Emma’s Story

I chose to share my breast cancer story to help others, be that other cancer patients, their families or just for others to understand a little more.

When you’re diagnosed this is the hardest bit, coming to terms with what you have, then telling loved ones, family, friends, and colleagues. Mixed emotions for the first few weeks and suddenly all the flood of appointments and information you need to deal with. But everyone has your best interests at heart and only want to support and help you the best way they can. And this I found such a warm, loving, and positive experience.

Every cancer patient’s treatment plan is unique to them just as their emotional journey is. You can pop several breast cancer patients in the same room, and no-one will have the exact same experience, so this is my story…

The Beginning

Having the job, I do I know how important self-checking is and the fact that we have cancer in the family makes it doubly important, so my story starts with just that sat in the bath self-checking and this particular time I find a lump.
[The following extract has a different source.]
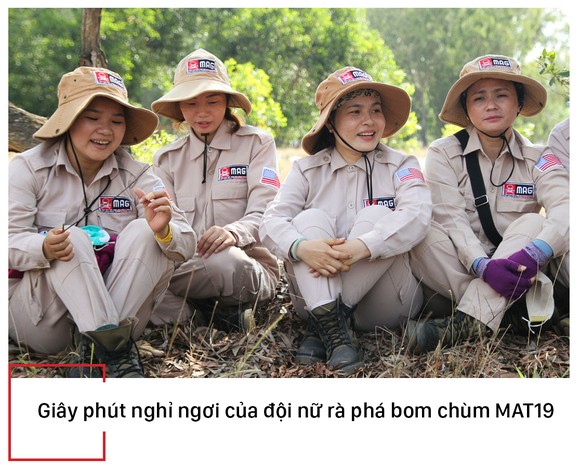 Những cô gái 'săn' bom chùm ảnh 15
The next day I contact my GP who refers me straight away to Medway Hospital for a mammogram. On the 30th March I pop along for my appointment which was at 10.20am. I see a doctor who examines me and then explains I’ll be going for a mammogram, I’m then told I’ll also be having a scan, biopsy, and another mammogram before I go in for the final consultation. I’m asked if I would like to call my husband so they can tell us both the results (due to covid I had been by myself) by this point it’s 1pm and I’ve already got an inkling of what I’m about to be told!

My husband joined me on the unit and the doctor confirmed I did have breast cancer and it was what was classed as an aggressive hormone fed grade 2 breast cancer. We then got to spend some time with my appointed clinical nurse who would be my single point of contact throughout my journey if/when I needed her.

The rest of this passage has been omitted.